**EXERCISE DIRECTIONS:** Down to the last line below, write out every line exactly, starting with the one that contains "Woodlake Lakewood Home" and leaving out the pictures.

Data entries:
*-*-*
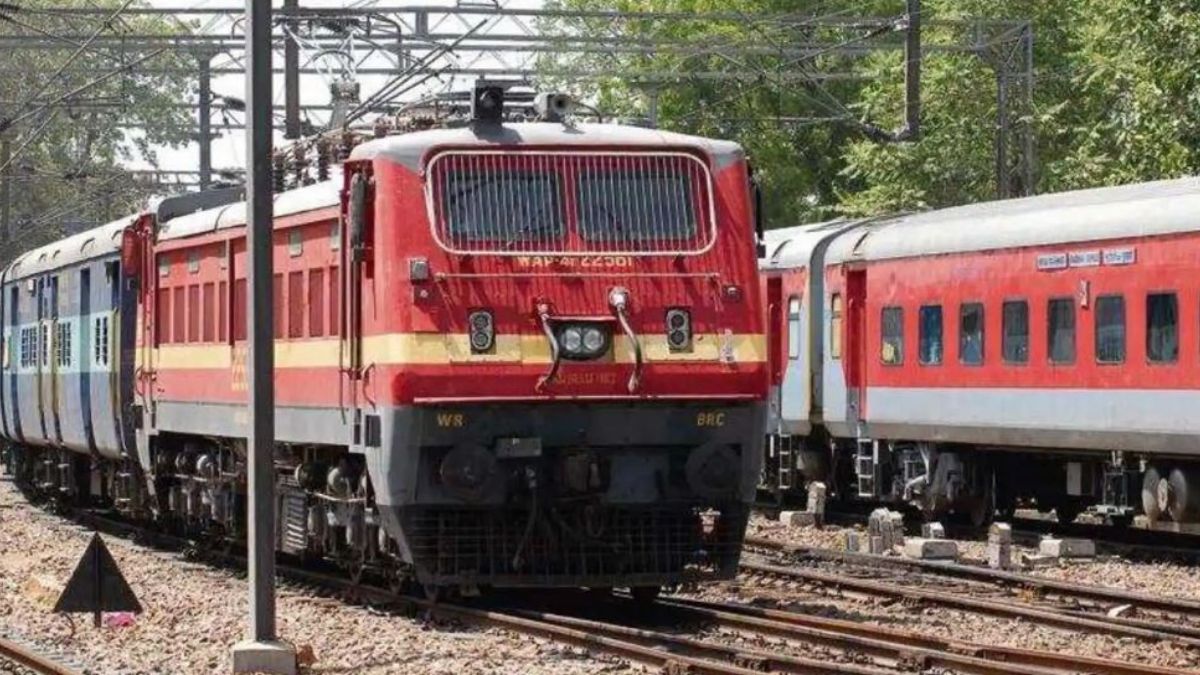 ఒడిశా ఘోర రైలు ప్రమాదం ఎఫెక్ట్: 19 రైళ్లు రద్దు, పూర్తి జాబితా ఇదే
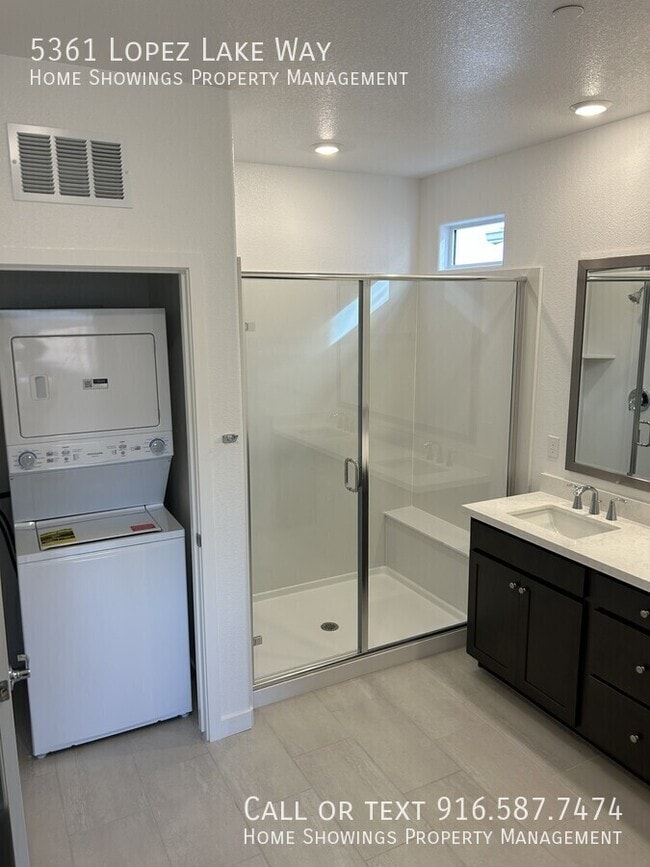 5361 Lopez Lk Wy in Sacramento, CA - Foto de edificio - Building Photo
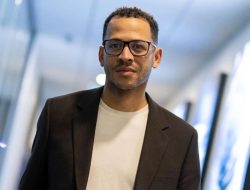 Liam Rosenior Jadi Pelatih Chelsea, Pesan Penting dari John Terry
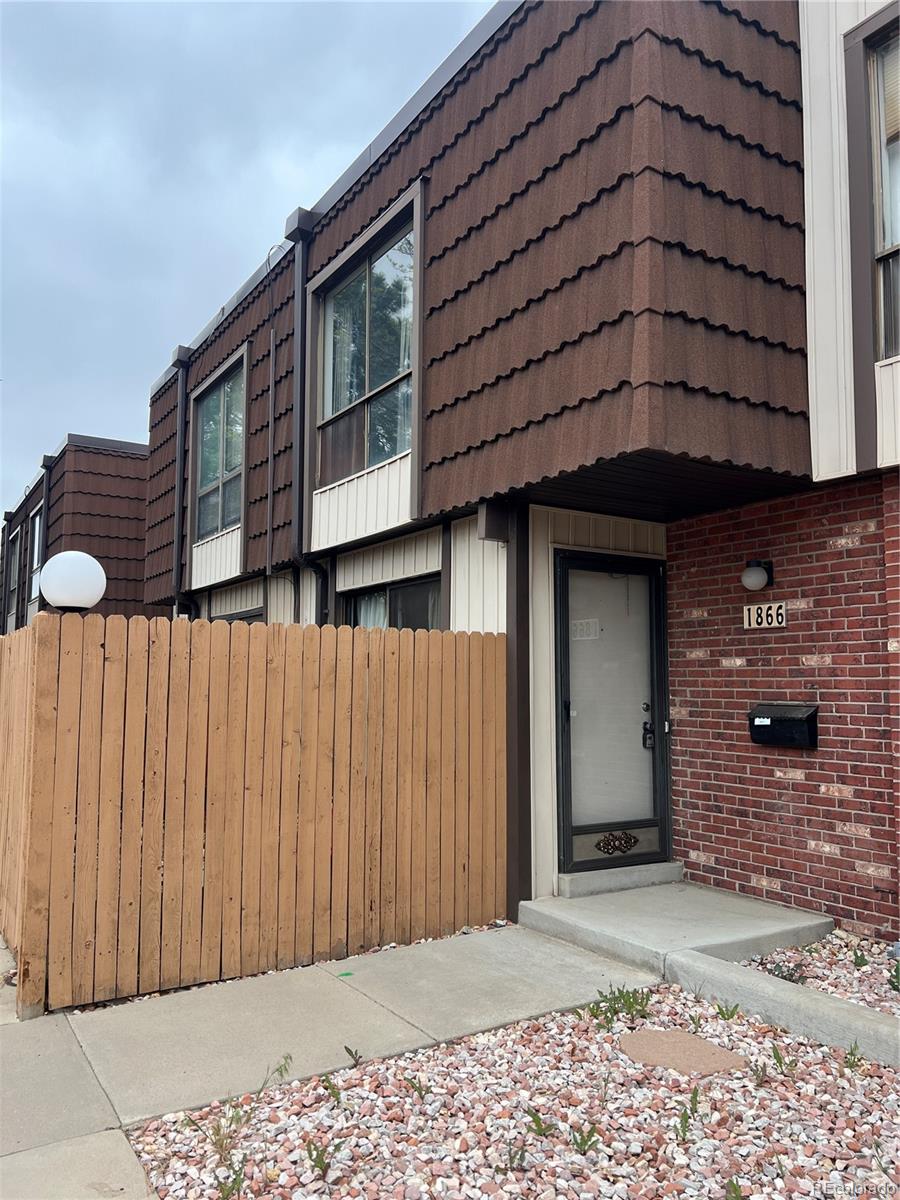 Woodlake Lakewood Home | MLS #: 54749551866 S Hoyt Street, Lakewood Beds: 3 Baths: 2 Price: $275,000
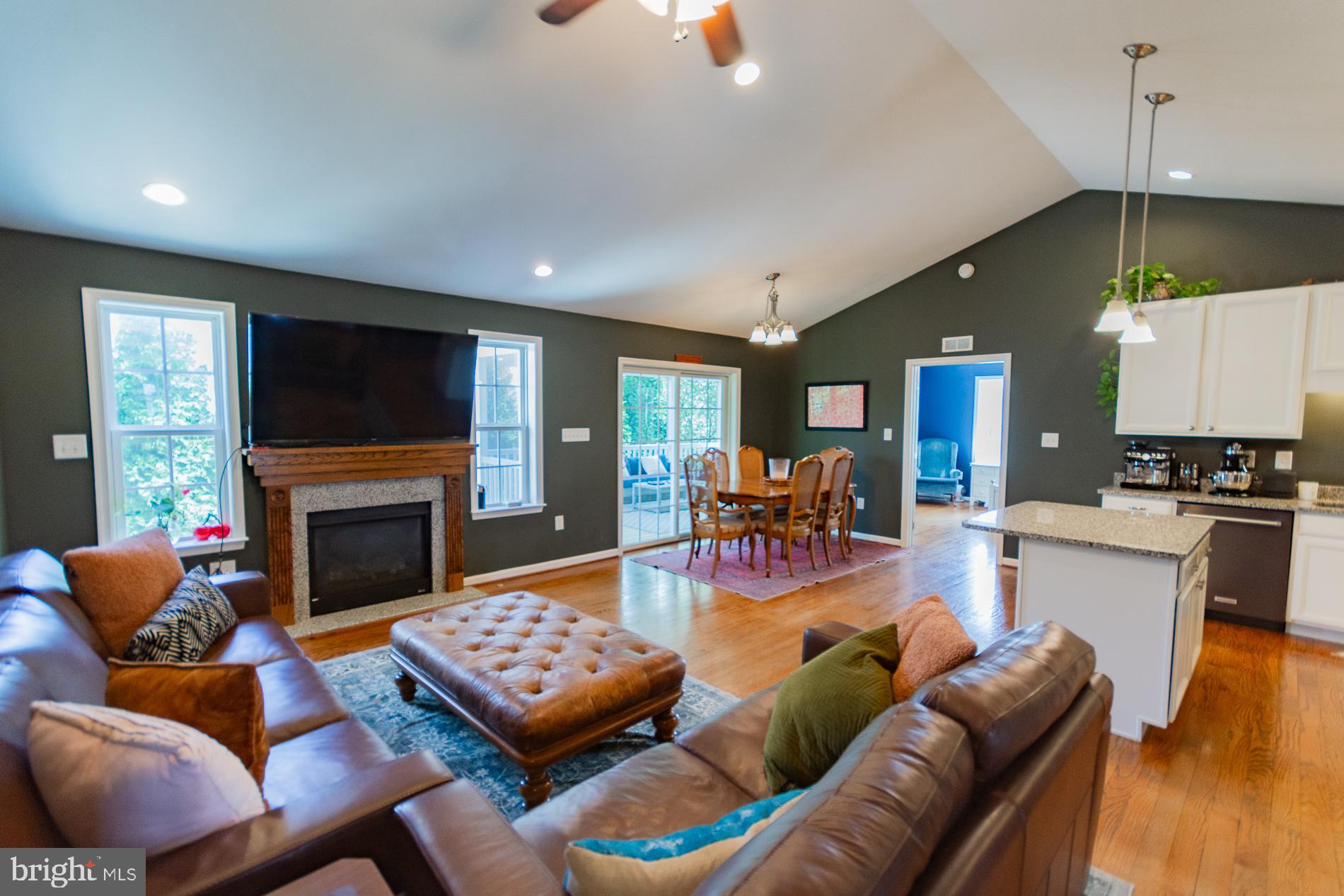 HERITAGE HILLS - Residential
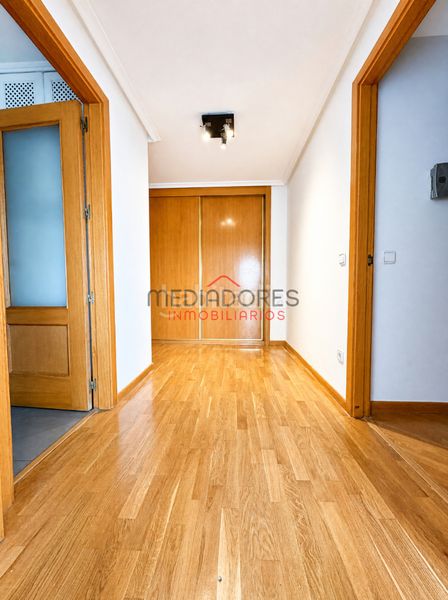 Foto f0ef788d-1c55-48b8-aefe-b2c71a56a55f. Pis amb calefacció aparcament piscina a Sanchinarro Madrid
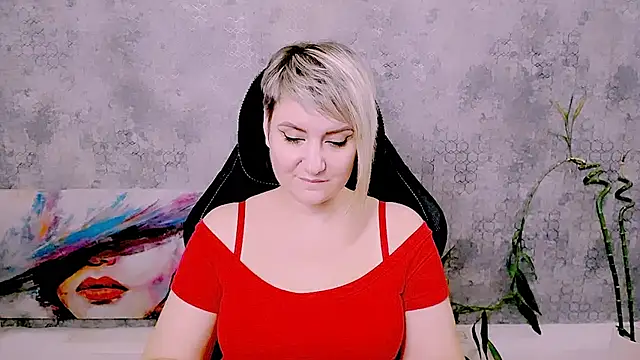 Djullia Live XXX-chat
*-*-*
**REPLY:**
 Woodlake Lakewood Home | MLS #: 54749551866 S Hoyt Street, Lakewood Beds: 3 Baths: 2 Price: $275,000
 HERITAGE HILLS - Residential
 Foto f0ef788d-1c55-48b8-aefe-b2c71a56a55f. Pis amb calefacció aparcament piscina a Sanchinarro Madrid
 Djullia Live XXX-chat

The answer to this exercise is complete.